I've laughed hard thinking Bernstein as Bobby Perù.


----------



## 20centrfuge (Apr 13, 2007)

regenmusic said:


> jake gyllenhaal


I can see that one!


----------



## Morimur (Jan 23, 2014)

Will Smith

They look so much alike.


----------



## Strange Magic (Sep 14, 2015)

The perfect choice would be......Laurence Olivier. But rumor has it that he's not available. Close match, though.


----------



## Pugg (Aug 8, 2014)

Strange Magic said:


> The perfect choice would be......Laurence Olivier. But rumor has it that he's not available. Close match, though.


Don't believe rumours, this one however I can confirm: not available.
( Can't read sheet music, ore anything else for that matter)


----------



## Arsakes (Feb 20, 2012)

Morimur said:


> Will Smith
> 
> They look so much alike.


or Jackie Chan?


----------



## Badinerie (May 3, 2008)

Jude Law? !"£$%^&

Please pardon the random characters.
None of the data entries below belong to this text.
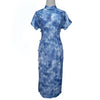 Short Sleeve Cheongsam - Lingnan Casa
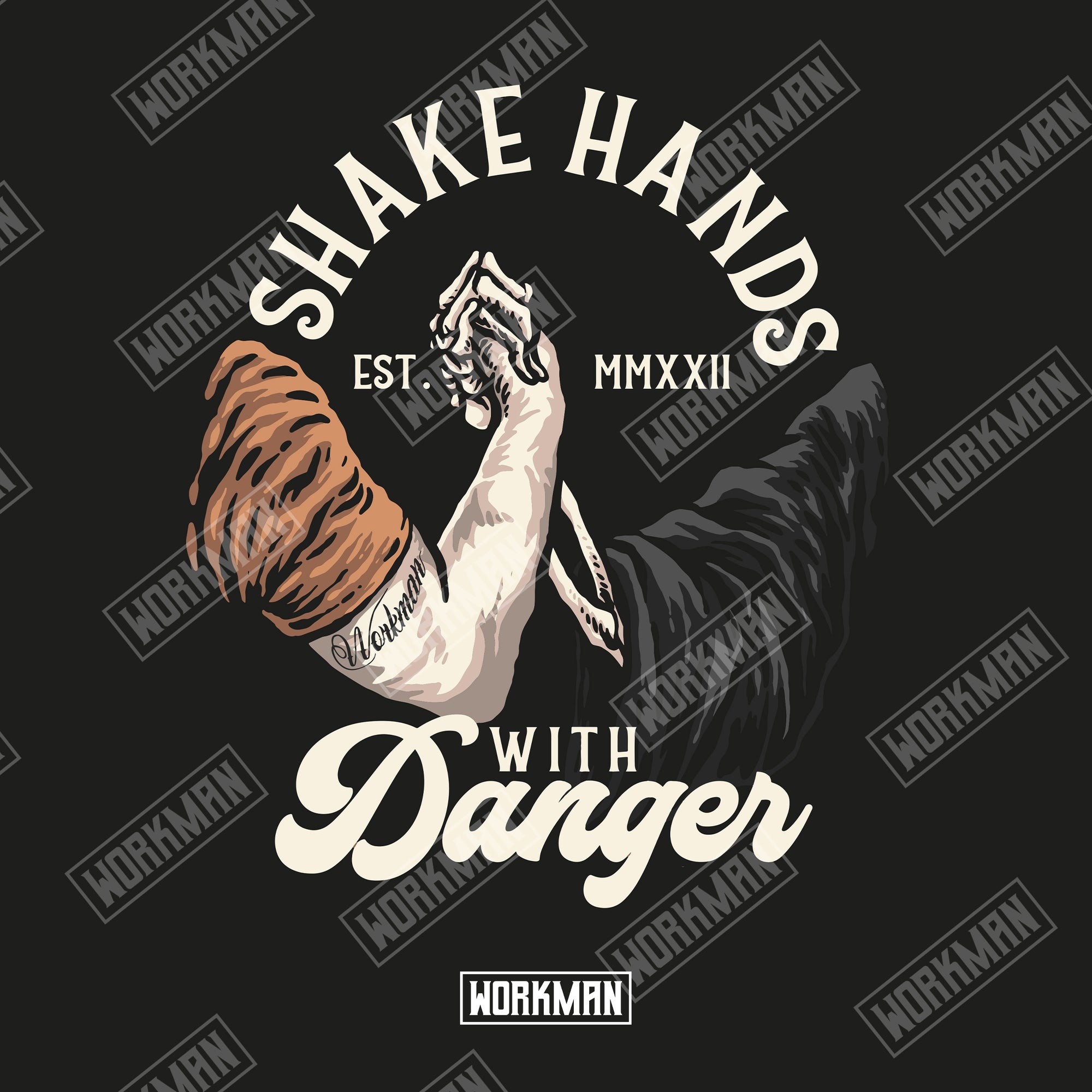 Shake Hands With Danger - Tee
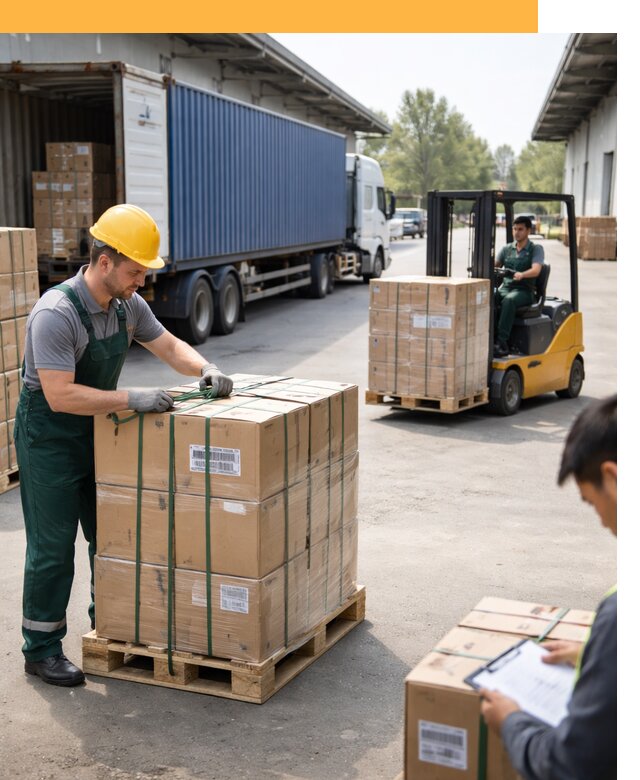 Доставка грузов из Казахстана морем авто и авиа от 6572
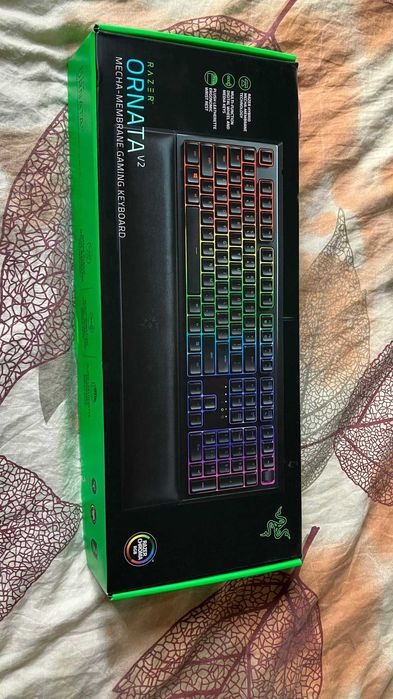 Клавиатура Razer Ornata v2 черна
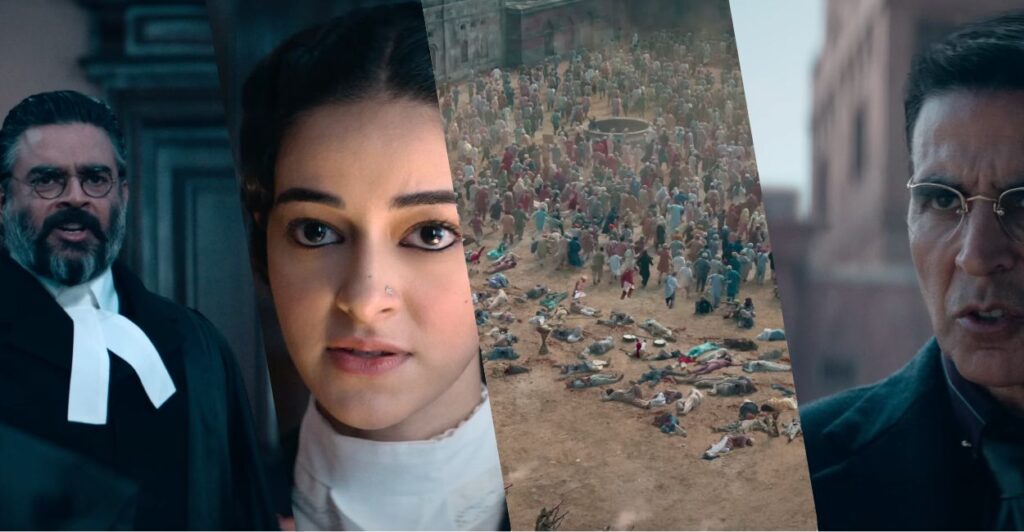 Kesari chapter 2: Shocking Story of Jalianwala bagh is Streaming on OTT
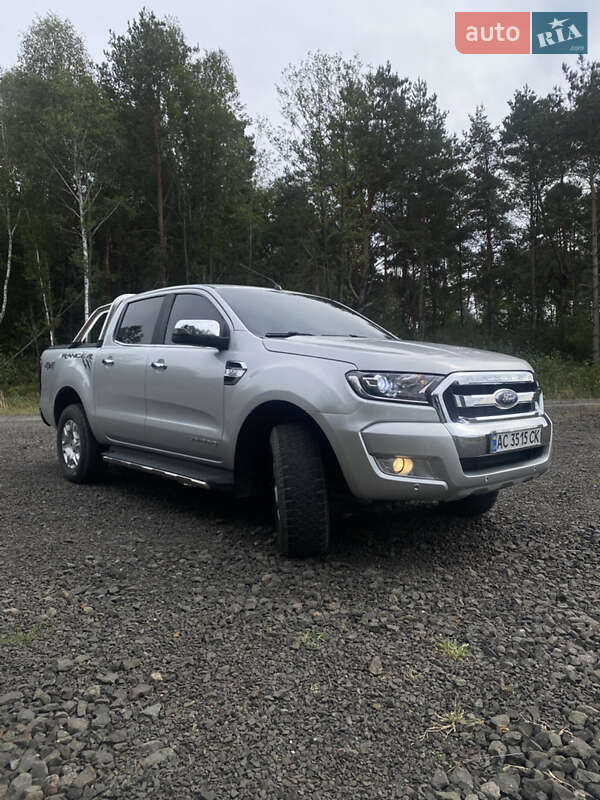 Пікап Ford Ranger 2016 в Камені-Каширському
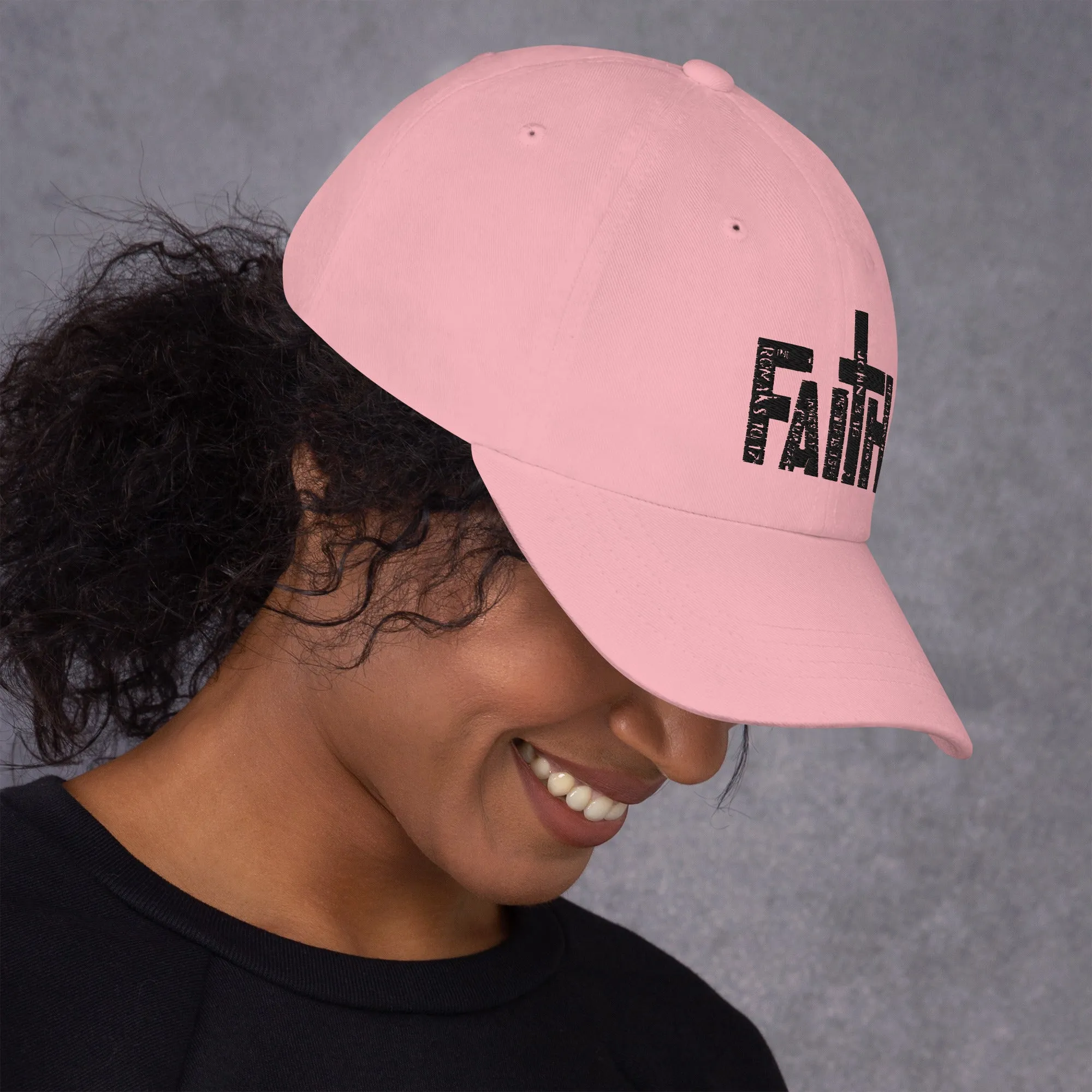 Dad hat, Unisex Hat- Faith Hat- Customize Hat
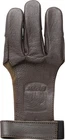 New Bear Traditional Archery Full Leather Shooting Glove! Size: Large. Price: $24.99.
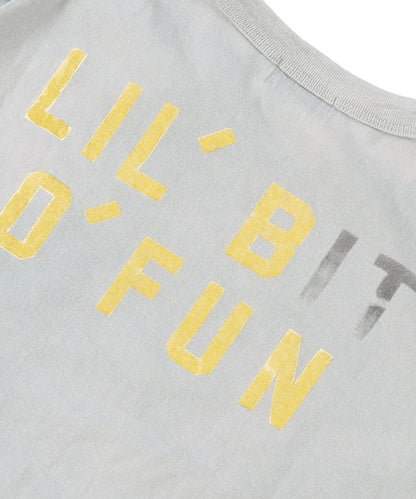 Vintage Cotton Jersey BRAVE Tee(MENS)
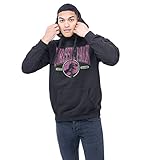 Jurassic Park Herren Survival Training Kapuzenpullover, Schwarz, XXL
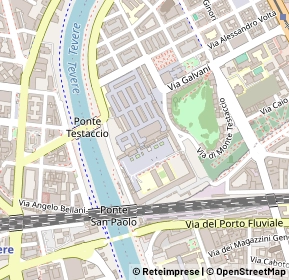 Mappa Piazza Orazio Giustiniani, 00153 Roma RM, Italia (0.2)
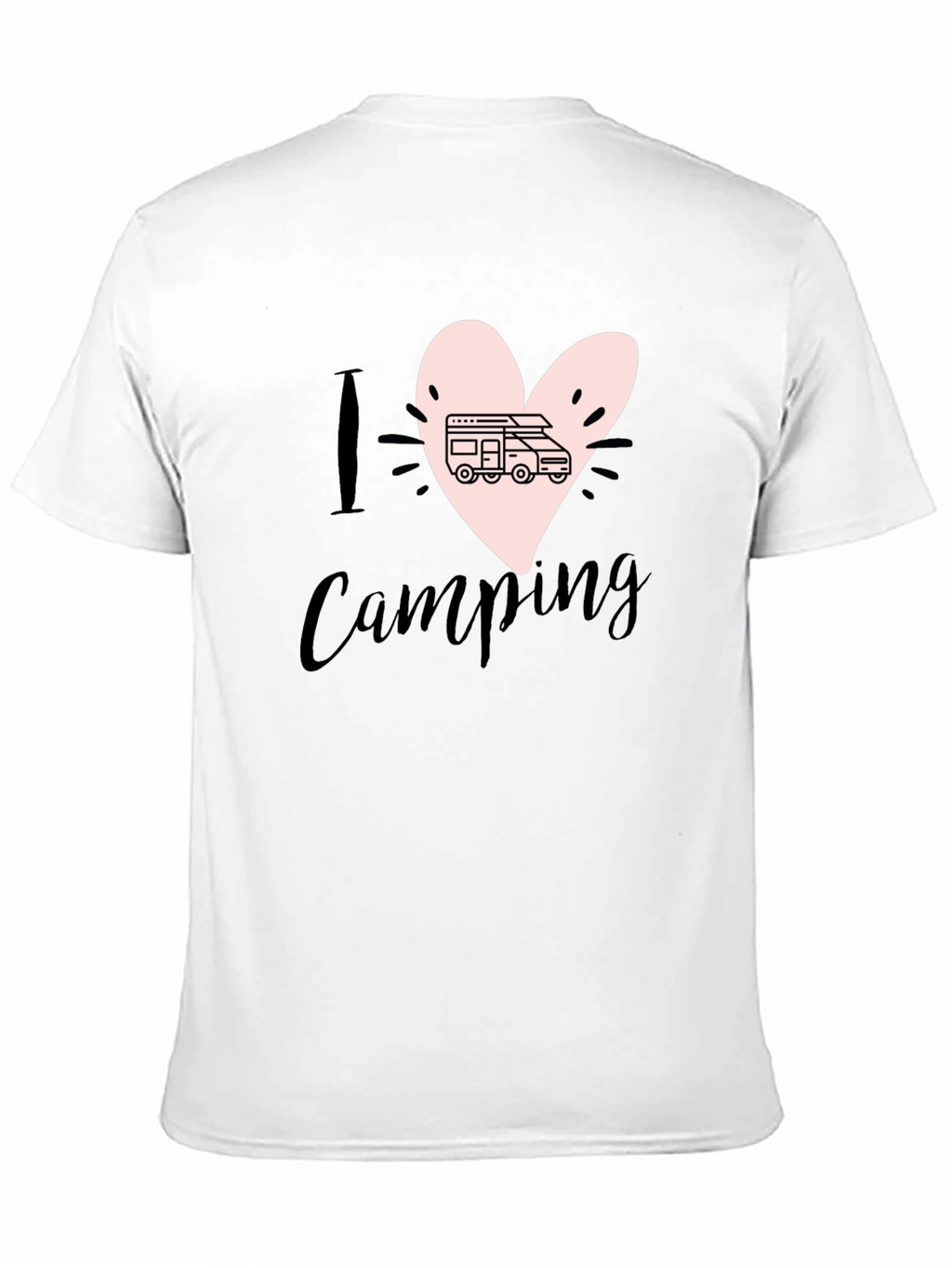 I Love Camping Graphic T-Shirt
The message wouldn't post without 15 characters or more.


----------



## Pugg (Aug 8, 2014)

Badinerie said:


> Jude Law? !"£$%^&
> 
> Please pardon the random characters. The message wouldn't post without 15 characters or more.


The best idea so far :tiphat:


----------



## Kieran (Aug 24, 2010)

Just for the record, I couldn't find mention of this on Scorsese's iMDB page...


----------



## Fugue Meister (Jul 5, 2014)

Kieran said:


> Just for the record, I couldn't find mention of this on Scorsese's iMDB page...


Well there's not even a script yet so it's just in development. It probably won't show up on IMDB until it's in pre-production and Scorsese is doing another film even before he gets to it (if he even does) so it's a ways off.


----------



## Morimur (Jan 23, 2014)

Scorsese is way past his prime so it doesn't matter who he chooses for the role — the movie will turn out to be yet another expensive, empty spectacle.


----------



## Fugue Meister (Jul 5, 2014)

Morimur said:


> Scorsese is way past his prime so it doesn't matter who he chooses for the role - the movie will turn out to be yet another expensive, empty spectacle.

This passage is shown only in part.